_PROBLEM DETAILS_
Every line of the material must come back exactly as given.

_DATASET SECTION_
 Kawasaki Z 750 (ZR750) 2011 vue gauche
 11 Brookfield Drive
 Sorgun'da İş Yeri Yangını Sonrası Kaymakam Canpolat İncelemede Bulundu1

_REPLY TO THE TASK_
 Kawasaki Z 750 (ZR750) 2011 vue gauche
 11 Brookfield Drive
 Sorgun'da İş Yeri Yangını Sonrası Kaymakam Canpolat İncelemede Bulundu1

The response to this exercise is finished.